La kisspeptine agit donc un cran plus haut que la GnRH dans la cascade. C’est ce qui en fait un outil de recherche pour étudier la régulation physiologique de l’axe plutôt que sa stimulation directe.
État de la recherche en 2026
Des études cliniques exploratoires existent, notamment les travaux de Dhillo et de son groupe sur la sécrétion hormonale chez le volontaire, ce qui distingue la kisspeptine de nombreux autres peptides de recherche restés au stade animal.
Cela dit, aucune autorisation de mise sur le marché n’existe pour une quelconque indication. La substance reste un outil de recherche.
D’un gène anticancéreux à un régulateur de la puberté
L’histoire de la kisspeptine est l’une des plus inattendues de l’endocrinologie récente, et elle explique son nom.
En 1996, une équipe de Pennsylvanie cherchait des gènes capables de supprimer la formation de métastases dans le mélanome. Elle en identifia un et le nomma KiSS-1. Le clin d’œil était local : les Hershey Kisses sont fabriqués à Hershey, en Pennsylvanie. Le peptide s’appelle donc kisspeptine à cause d’une confiserie, pas à cause de la reproduction.

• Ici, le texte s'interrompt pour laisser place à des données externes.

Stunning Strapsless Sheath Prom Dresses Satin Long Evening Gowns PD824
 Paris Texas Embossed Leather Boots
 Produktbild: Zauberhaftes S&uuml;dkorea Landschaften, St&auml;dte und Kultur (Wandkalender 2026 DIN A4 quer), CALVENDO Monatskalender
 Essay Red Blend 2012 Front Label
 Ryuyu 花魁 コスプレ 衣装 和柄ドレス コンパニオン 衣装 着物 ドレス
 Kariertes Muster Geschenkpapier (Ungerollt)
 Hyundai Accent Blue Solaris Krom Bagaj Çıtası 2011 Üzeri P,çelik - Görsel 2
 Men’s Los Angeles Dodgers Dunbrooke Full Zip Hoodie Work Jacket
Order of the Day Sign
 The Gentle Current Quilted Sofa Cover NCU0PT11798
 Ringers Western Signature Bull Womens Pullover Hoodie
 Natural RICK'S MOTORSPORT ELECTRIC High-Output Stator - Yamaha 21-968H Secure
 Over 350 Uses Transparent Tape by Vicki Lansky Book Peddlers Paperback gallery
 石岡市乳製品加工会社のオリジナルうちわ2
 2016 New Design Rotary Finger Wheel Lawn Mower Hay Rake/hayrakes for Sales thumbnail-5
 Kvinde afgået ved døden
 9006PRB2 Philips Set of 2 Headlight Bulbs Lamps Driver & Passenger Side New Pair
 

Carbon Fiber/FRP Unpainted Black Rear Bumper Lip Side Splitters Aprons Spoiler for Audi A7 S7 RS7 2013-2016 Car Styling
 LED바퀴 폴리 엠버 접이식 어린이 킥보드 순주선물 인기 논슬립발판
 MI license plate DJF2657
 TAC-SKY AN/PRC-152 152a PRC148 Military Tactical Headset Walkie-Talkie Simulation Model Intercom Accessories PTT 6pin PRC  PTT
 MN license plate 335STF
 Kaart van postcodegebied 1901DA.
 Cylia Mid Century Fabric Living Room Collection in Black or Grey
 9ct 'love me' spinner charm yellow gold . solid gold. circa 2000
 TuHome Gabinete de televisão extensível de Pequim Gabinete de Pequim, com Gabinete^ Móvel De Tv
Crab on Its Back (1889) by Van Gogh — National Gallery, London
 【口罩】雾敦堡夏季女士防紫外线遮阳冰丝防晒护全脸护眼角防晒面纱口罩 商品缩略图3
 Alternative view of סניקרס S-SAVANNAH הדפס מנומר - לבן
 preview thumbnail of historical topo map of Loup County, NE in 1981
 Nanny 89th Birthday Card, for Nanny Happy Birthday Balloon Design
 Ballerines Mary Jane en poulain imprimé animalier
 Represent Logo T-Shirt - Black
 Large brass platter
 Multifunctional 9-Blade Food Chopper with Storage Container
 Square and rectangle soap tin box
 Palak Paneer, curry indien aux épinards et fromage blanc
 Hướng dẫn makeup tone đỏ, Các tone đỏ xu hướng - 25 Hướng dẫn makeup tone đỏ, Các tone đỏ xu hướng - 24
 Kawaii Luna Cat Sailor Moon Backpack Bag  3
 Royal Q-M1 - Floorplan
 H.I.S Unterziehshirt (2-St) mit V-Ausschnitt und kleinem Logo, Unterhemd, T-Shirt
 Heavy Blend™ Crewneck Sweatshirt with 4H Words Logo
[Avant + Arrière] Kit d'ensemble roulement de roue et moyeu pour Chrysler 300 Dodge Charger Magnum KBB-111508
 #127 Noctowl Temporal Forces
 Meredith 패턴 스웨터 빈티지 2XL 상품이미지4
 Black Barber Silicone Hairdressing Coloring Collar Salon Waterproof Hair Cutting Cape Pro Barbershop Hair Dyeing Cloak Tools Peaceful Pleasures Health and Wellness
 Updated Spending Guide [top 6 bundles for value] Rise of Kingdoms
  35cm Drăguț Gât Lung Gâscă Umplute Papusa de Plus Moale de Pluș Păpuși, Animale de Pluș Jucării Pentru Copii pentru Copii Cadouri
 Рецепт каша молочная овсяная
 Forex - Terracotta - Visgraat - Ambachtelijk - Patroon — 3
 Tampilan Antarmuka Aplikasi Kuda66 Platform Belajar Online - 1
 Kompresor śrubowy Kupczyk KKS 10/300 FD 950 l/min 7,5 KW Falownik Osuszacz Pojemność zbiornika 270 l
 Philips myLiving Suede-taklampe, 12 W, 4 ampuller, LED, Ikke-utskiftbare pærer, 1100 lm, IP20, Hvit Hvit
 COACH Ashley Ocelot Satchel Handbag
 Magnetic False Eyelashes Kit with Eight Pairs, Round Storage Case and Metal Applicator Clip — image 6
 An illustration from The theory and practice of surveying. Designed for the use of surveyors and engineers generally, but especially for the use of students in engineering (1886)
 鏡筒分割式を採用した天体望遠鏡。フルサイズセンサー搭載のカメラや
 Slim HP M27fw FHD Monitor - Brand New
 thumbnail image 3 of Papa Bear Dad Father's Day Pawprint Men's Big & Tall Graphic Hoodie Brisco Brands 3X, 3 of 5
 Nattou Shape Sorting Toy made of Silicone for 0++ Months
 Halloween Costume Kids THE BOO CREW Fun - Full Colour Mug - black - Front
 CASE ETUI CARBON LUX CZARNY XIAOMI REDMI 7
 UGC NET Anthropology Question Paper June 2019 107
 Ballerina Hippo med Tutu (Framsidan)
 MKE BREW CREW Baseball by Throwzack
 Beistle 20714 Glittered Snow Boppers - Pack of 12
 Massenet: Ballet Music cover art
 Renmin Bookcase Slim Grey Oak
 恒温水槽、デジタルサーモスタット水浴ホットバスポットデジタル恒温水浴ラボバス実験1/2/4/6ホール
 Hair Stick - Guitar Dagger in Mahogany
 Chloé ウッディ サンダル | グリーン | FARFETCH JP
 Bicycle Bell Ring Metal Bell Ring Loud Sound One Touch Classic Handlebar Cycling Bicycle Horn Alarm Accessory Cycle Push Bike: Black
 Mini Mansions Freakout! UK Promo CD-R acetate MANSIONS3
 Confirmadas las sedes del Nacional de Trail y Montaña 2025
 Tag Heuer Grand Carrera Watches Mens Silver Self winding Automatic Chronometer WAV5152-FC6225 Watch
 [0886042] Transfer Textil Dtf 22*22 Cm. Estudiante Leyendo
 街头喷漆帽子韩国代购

Pendant cinq ans, KiSS-1 resta un gène suppresseur de métastases. Puis en 2001, l’équipe d’Ohtaki montra que le gène code en réalité le ligand d’un récepteur couplé aux protéines G alors orphelin, le GPR54, rebaptisé depuis KISS1R.
Le basculement eut lieu en 2003. Seminara et ses collègues, dans le New England Journal of Medicine, décrivirent des familles porteuses de mutations inactivant GPR54. Ces patients présentaient un hypogonadisme hypogonadotrope, c’est-à-dire une absence de puberté. Un gène étudié pour le cancer se révélait être un verrou du développement sexuel.
La place exacte dans l’axe hypothalamo-hypophyso-gonadique
C’est le point que la plupart des présentations manquent, et il détermine tout le reste.
La kisspeptine n’agit pas sur les gonades. Elle agit en amont, sur les neurones à GnRH de l’hypothalamus, qui expriment KISS1R. La cascade décrite est la suivante :
- Les neurones à kisspeptine, situés notamment dans le noyau arqué, libèrent le peptide.
- La kisspeptine se lie à KISS1R sur les neurones à GnRH.
- Ces neurones libèrent la GnRH de façon pulsatile.
- L’hypophyse répond en sécrétant LH et FSH.
- Les gonades répondent à LH et FSH.
La conséquence pratique est importante : la kisspeptine se situe au sommet de la cascade, là où la régulation physiologique reste intacte. C’est ce qui la distingue d’une administration exogène de gonadotrophines, qui court-circuite les étapes de contrôle.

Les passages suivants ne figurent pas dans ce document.